**Work required:**
Print, exactly as they stand, the lines below from the one that has "Thai Ruby Cushion" to the one that has "THE WEAVE TRAVELLER", inclusive, leaving out the pictures.

Data items:
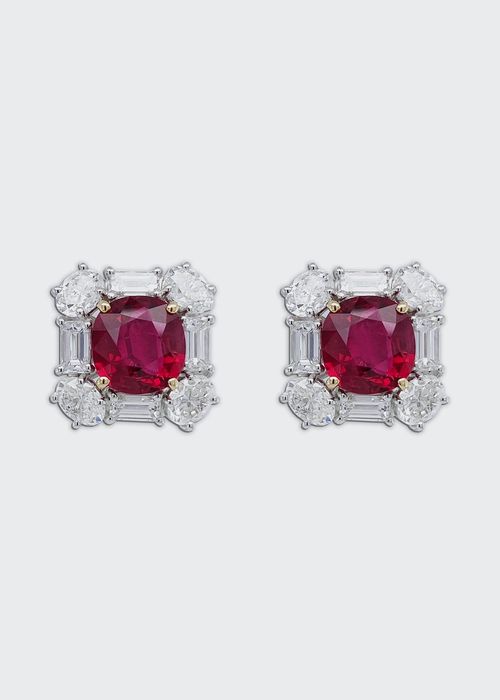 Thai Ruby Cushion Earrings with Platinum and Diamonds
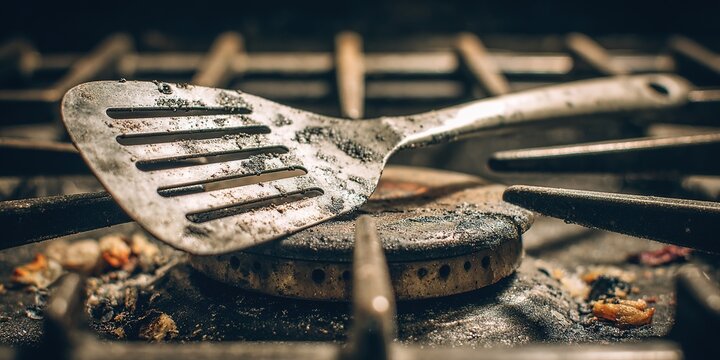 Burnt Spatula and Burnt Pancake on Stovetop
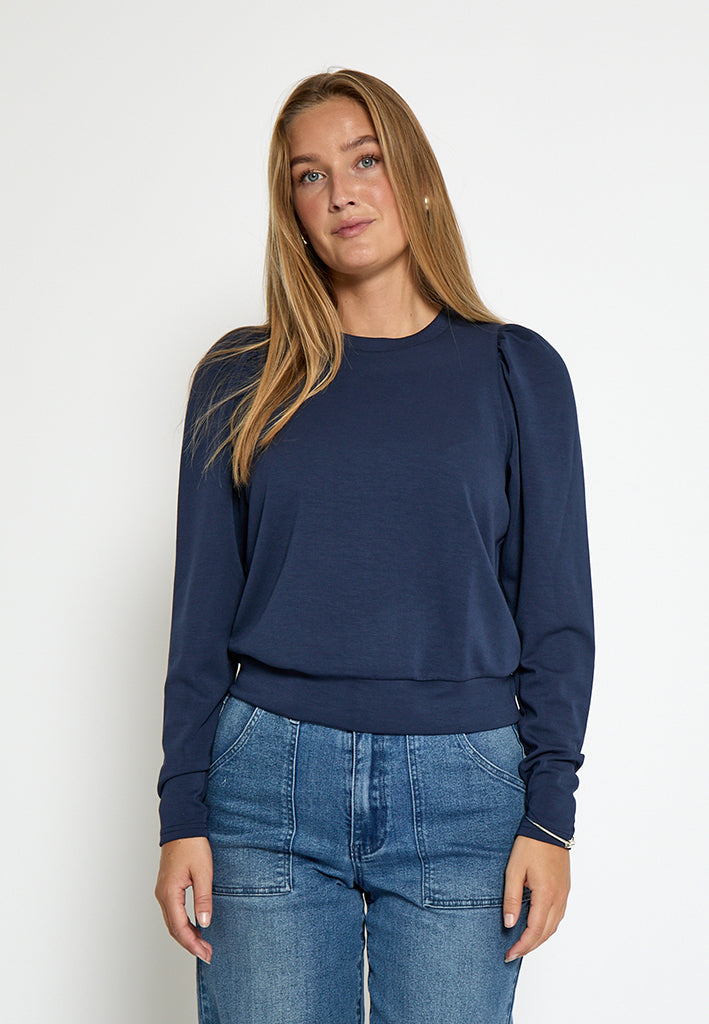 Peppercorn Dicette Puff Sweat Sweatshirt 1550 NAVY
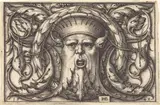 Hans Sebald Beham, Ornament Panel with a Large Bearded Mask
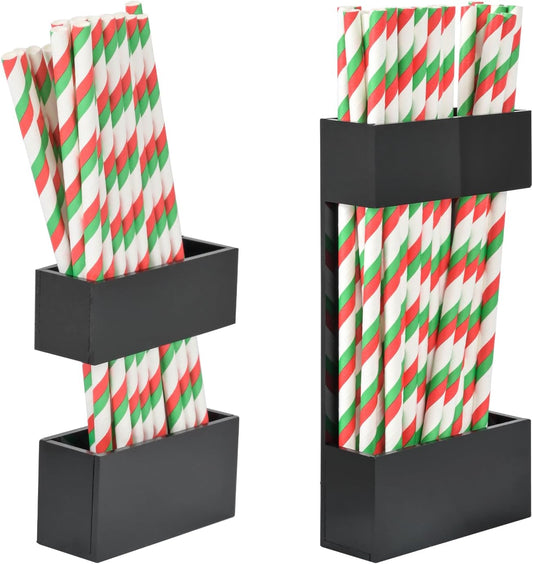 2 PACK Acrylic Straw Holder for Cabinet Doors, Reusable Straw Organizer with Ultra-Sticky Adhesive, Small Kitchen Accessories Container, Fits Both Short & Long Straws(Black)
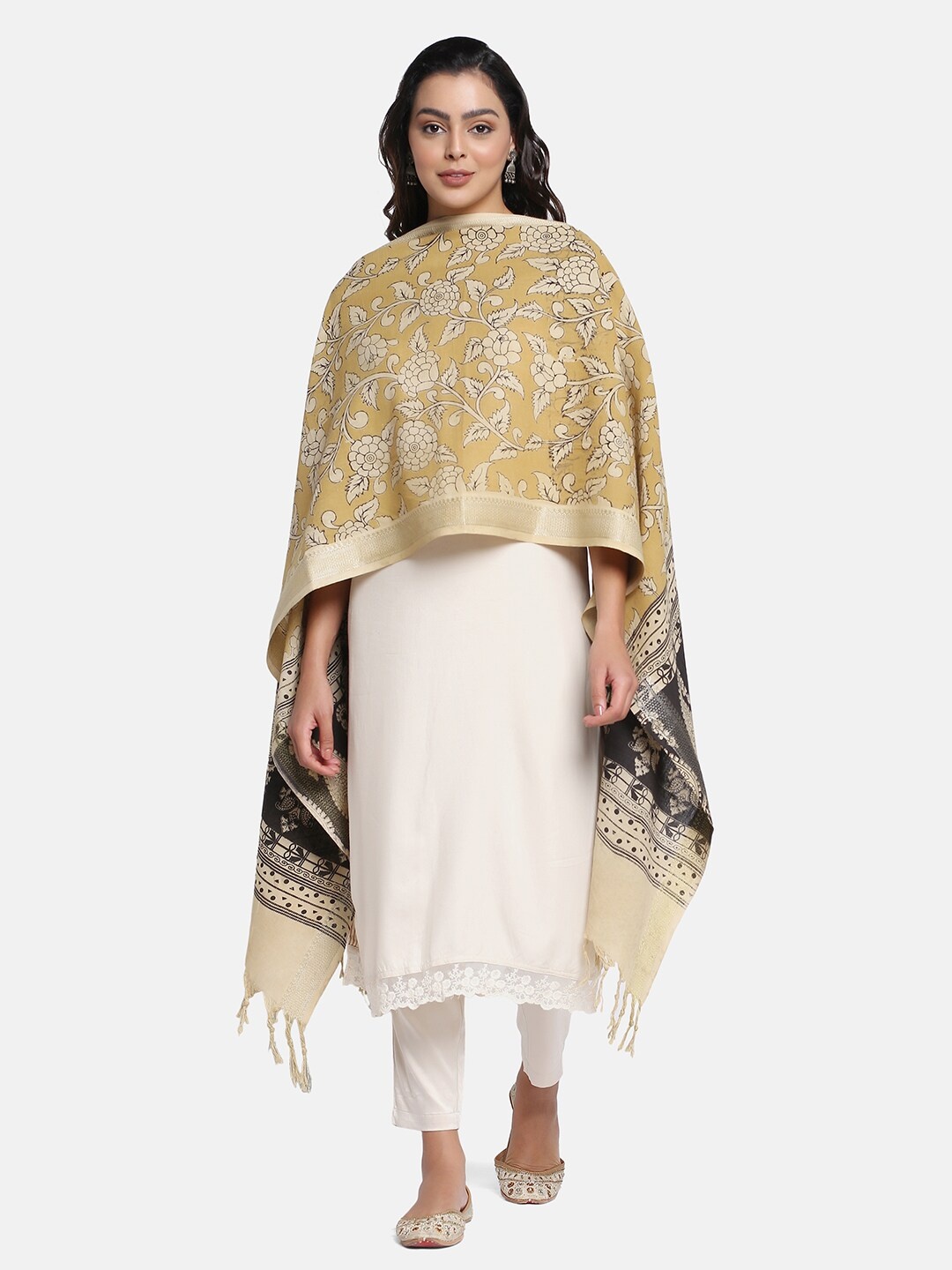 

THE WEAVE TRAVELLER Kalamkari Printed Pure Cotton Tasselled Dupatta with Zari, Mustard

==

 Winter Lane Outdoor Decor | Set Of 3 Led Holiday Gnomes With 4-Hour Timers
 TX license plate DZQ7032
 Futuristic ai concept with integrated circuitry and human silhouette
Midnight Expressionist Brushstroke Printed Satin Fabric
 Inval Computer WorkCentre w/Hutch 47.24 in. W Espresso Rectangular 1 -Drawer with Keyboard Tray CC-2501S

**Task answer:**
 Thai Ruby Cushion Earrings with Platinum and Diamonds
 Burnt Spatula and Burnt Pancake on Stovetop
 Peppercorn Dicette Puff Sweat Sweatshirt 1550 NAVY
 Hans Sebald Beham, Ornament Panel with a Large Bearded Mask
 2 PACK Acrylic Straw Holder for Cabinet Doors, Reusable Straw Organizer with Ultra-Sticky Adhesive, Small Kitchen Accessories Container, Fits Both Short & Long Straws(Black)

THE WEAVE TRAVELLER Kalamkari Printed Pure Cotton Tasselled Dupatta with Zari, Mustard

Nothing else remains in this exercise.